When Verizon’s Chief Human Resources Officer posts about “the power of taking a real break,” most people scroll past. But those who’ve lived through this company’s cost-cutting cycles know exactly what’s happening: messaging as misdirection.
The real cause of burnout at Verizon isn’t that people don’t know how to “unplug.”
It’s that the operating model doesn’t let them.
Since the 2018 VSP, Verizon has:
• Eliminated over 10,000 roles
• Collapsed Finance, Tech, and Ops teams into fewer hands
• Normalized quarterly reorgs and double-stacked workloads
• Incentivized silence with stack ranking and fear-based calibration
Meanwhile, the same HR leadership telling people to “model rest” has built a system where rest is risky, and burnout is rewarded.
Let’s break it down:
• If you’re an individual contributor and take real time off, you’re either buried when you come back—or worse, forgotten when your team gets restructured.
• There’s no policy framework that protects disconnection.

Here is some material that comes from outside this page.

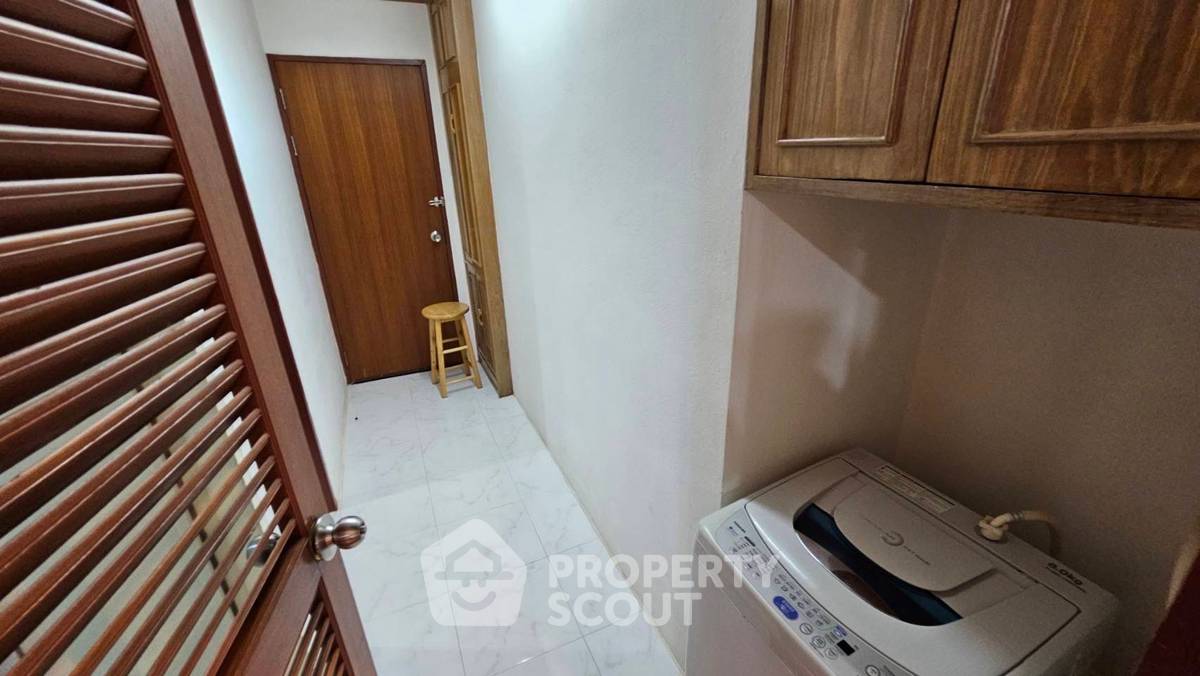 รูป คอนโด 2 ห้องนอน ชั้นสูง 136 ตร.ม. บ้านสวนเพชร ใกล้ BTS พร้อมพงษ์ 200 ม. (ID 1177613) - รูปที่ 20/28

No recalibrated workload. No structural support.
So when executives “take a few days off for clarity,” they do so with assistants, exit parachutes, and layers of insulation.
Everyone else? They’re managing entire functions solo and pretending it’s sustainable.

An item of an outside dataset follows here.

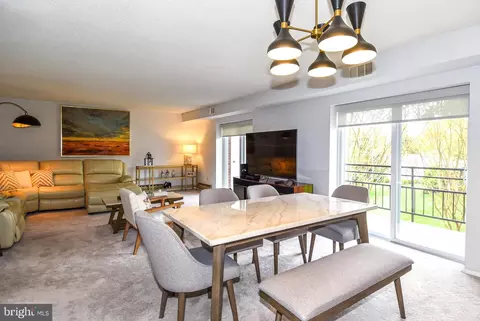 15400 Bassett Ln #46-2D, Silver Spring, MD 20906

This isn’t wellness. It’s optics.
A strategic distraction from systems that are breaking people faster than they can be replaced.
Verizon’s senior leadership doesn’t model rest.
They model performance anxiety, job instability, and empty transformation cycles wrapped in PR-safe language.
Until the operating system changes, no amount of “self-care language” will matter.
Because burnout isn’t a mindset issue — it’s an output of design.